I didn't mention this earlier, but I was very concerned he'd get upset and go confront the POS BF and do something he'd regret later.
So I am leaning to not say anything. But it's tough. I hate secrets.

And the more I think about it, she must not be afraid of him. Isn't there a saying about the sorrow and company of others that are the same? I forget the saying. 
Anyways, I think sometimes I struggle with making the right decision. The last 3 years have been the most difficult in my life and much of this hasn't been as "black and white" as I would have liked for it to have been. But I am doing my best.


----------



## tm84 (Jul 24, 2011)

Honestly, she made her bed and invited him in. Based on what you've said about people around her knowing about what's going on, I'd stick to not involving her brother.
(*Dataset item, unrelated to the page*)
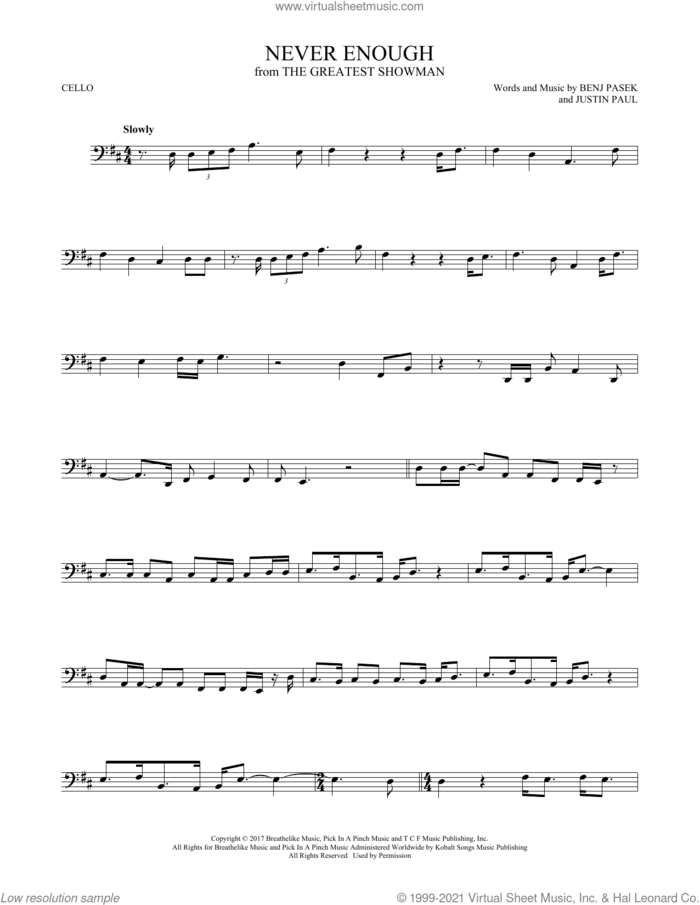 Never Enough (from The Greatest Showman) sheet music for cello solo by Pasek & Paul, Benj Pasek and Justin Paul, intermediate skill level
Your energy is better spent looking out for your kids and making sure that they aren't harmed by her decision to remain in close contact with the guy.


----------



## Sanity (Mar 7, 2011)

F the EX, concern yourself with kids.
_Posted via Mobile Device_


----------



## DaddyLongShanks (Nov 6, 2012)

You should concern over your kids. She needs to press charges on the guy even if just to get it on the record.
_Posted via Mobile Device_


----------



## JCD (Sep 2, 2012)

Tell your FIL that you also know and that you will leave any further work in this to his decisions. I would indicate that you are in lock down mode with the kids re visiting and why.

This lets him know that he MIGHT be able to call on you for support if he needs...something...and avoids BOTH of you sitting on your hands on this issue. He knows he is the one who will have to make some choices....and have the hard talks with his daughter.


She needs to swear out a complaint.


----------